# sending pics via email on iphone 4s



## big_bubba_B (Apr 25, 2010)

i feal dumb buit i cant figure out how you send pictures on the iphone 4s through the email is there an app i nead or it just doesnt do that anyone know ????


----------



## Pamela (Apr 21, 2010)

When you are looking at the photo (either in the photo app or the camera app) tap the screen so that you see some arrows, little garbage can, etc at the bottom. The icon on the left side looks like a little box with an arrow coming out of it. Press that. It will give you a list of options, the top one is e-mail photo.

Oops, just noticed your phone is 4s, mine is just a 4 so it might not be exactly the same, should be pretty close though.


----------



## effox (Apr 21, 2010)

I think my 3gs is the same, I never bothered trying to email photos though but I believe Pamela is right.

Cheers,
Chris


----------



## Victor (Apr 21, 2010)

Pamela said:


> When you are looking at the photo (either in the photo app or the camera app) tap the screen so that you see some arrows, little garbage can, etc at the bottom. The icon on the left side looks like a little box with an arrow coming out of it. Press that. It will give you a list of options, the top one is e-mail photo.
> 
> Oops, just noticed your phone is 4s, mine is just a 4 so it might not be exactly the same, should be pretty close though.

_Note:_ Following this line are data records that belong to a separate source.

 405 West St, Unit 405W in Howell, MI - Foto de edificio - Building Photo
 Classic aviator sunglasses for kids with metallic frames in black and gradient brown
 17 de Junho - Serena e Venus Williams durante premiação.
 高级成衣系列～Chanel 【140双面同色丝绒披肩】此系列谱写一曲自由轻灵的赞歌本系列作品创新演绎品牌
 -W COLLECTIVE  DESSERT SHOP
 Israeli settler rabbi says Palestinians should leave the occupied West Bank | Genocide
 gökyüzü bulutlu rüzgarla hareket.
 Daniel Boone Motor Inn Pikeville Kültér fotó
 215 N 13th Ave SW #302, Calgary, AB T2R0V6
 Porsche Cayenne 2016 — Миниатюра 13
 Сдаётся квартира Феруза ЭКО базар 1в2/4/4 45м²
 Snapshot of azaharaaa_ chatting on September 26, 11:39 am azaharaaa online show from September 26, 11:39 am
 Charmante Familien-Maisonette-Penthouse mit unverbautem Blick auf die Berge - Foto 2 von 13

Yup, that's exactly what you do OR you can hold the picture with your finger and copy it and then paste it when you are in your email screen


----------



## big_bubba_B (Apr 25, 2010)

thank you i got it figured out . and i tried sending pics over instent messenger but alot of people say they cant open it up and i cant get photos over messanger from people either


----------



## Victor (Apr 21, 2010)

big_bubba_B said:


> thank you i got it figured out . and i tried sending pics over instent messenger but alot of people say they cant open it up and i cant get photos over messanger from people either


I just noticed you were a Bruins fan, I can't believe I helped you! hahah i'm just kidding


----------



## big_bubba_B (Apr 25, 2010)

Victor said:


> I just noticed you were a Bruins fan, I can't believe I helped you! hahah i'm just kidding


hey its ok to help the best but this year either team isnt doing so good were on the bottom and van is 4 up from the bottom


----------



## Raf (Nov 6, 2010)

you think Apple would put an attachment icon in Mail with their newest software update......


----------